Re: mdadm --fail requires writeable drive.

From: Benjamin ESTRABAUD <hidden>
Date: 2013-11-14 17:33:01

Hi Neil,

This does work but I was looking for a way to explicitely set a 
particular device as Failed (I want to process devices one by one).

But right now I was reading from the array to force it detecting the 
failure as opposed to using "detached" which orders of magnitude better.

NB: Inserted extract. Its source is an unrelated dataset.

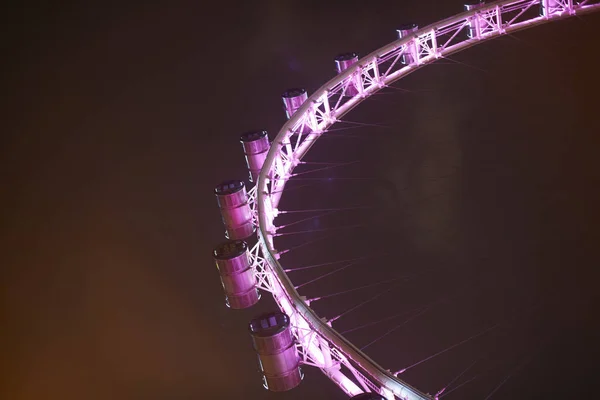 Detalhe da roda-gigante rosa à noite, Singapura — Fotografia de Stock
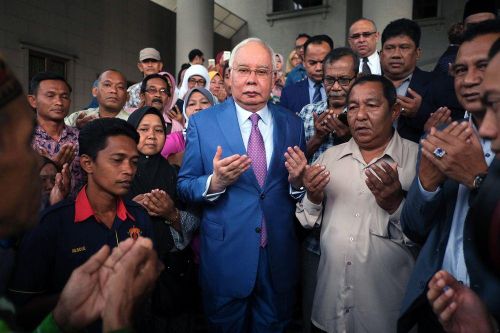 Cựu thủ tướng Malaysia rút 131.000 USD từ quỹ công mua đồng hồ cho vợ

Thanks for the tip, I'll use that for now.

Regards,
Ben.

On 14/11/13 00:44, NeilBrown wrote:
On Wed, 13 Nov 2013 12:17:21 +0000 Benjamin ESTRABAUD [off-list ref] wrote:
quoted
Hi,

I noticed that mdadm --fail will only work if a disk is present and is
writeable.

mdadm's Manage.c seems to first make sure the drive can be "stat"ed
before proceeding (which will fail if the drive is gone), and then
seemingly try to write "Faulty" to the drive's superblock as well as
notifying MD of the drive failure.

However, in many cases, a drive must be set faulty because it has gone
offline. MD will do a very good job to set the drive faulty itself,
provided that IOs are running on the array. If no IOs are running on the
array, removing a drive and then trying to set it as failed will not
work. Trying to "-r" the drive will also fail since the drive is not yet
marked as failed, so deemed still in use.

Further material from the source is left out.